The previous week, we attended a meeting at the Culture Café discussing the murders. From that discussion, a seed was sown to have a Valentine’s Day vigil to be mindful of these five men. On Valentine’s Day, the seeds grew.
Sixteen of us met in the public garden. We had brought mirrors with pictures of each of the five attached and a heart drawn around the picture in blood red. We walked solemnly to the five places where the young men died. Our numbers grew to forty. We each carried a rose. At each stop, we placed roses at the memorial site along with the picture of the man who had died there. One of us in CPT sang a refrain from a song at each site and then we walked on.
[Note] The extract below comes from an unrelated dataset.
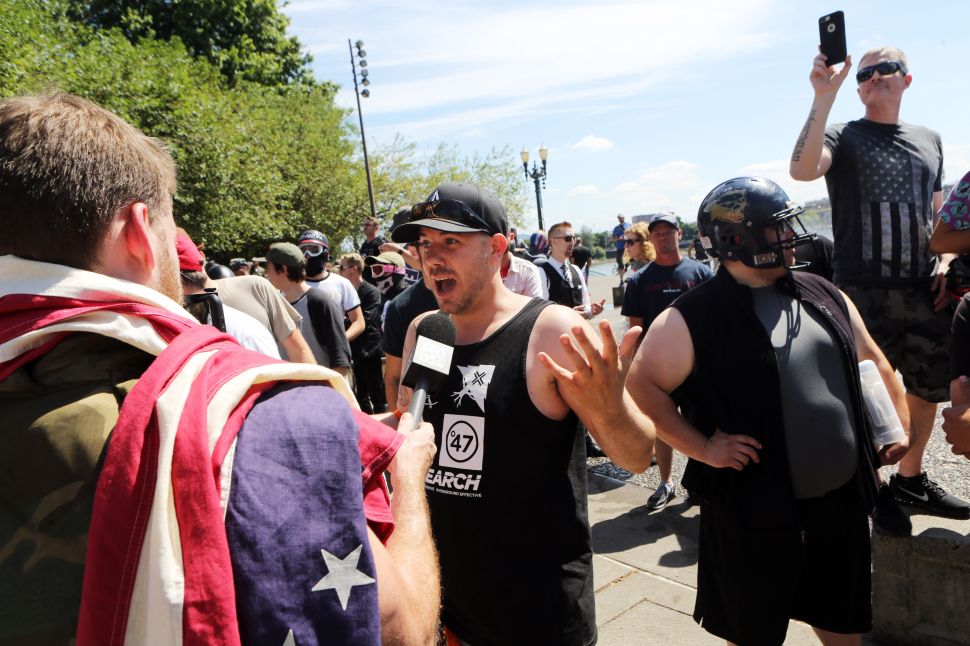 A man is interviewed by InfoWars at a campaign rally in Portland, Oregon, August 4, 2018.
Two fathers and two sisters of the five walked with us. At one station, I was singing “We Shall Overcome,” and I glanced next to me and realized one of the fathers was right there and he was crying. I continued singing, but stopped playing the guitar and put my arm around him. I was overcome.
We walked to give voice to the senseless killings of youth. We walked to be one with the families who lost a son a year ago. We walked because no one knows when each of us will end our time on this earth and we must make the most of what we do. We walked together to say to the authorities, “You can gun us down but you cannot silence us.” Our silence as we walked spoke loudly.
Valentine’s Day. A day we give thanks to loved ones generally with cards, chocolates, and flowers. On this Valentine’s Day, we gave thanks for the gift of being on the street together. To be able to look at others and silently say, “I am here with you.”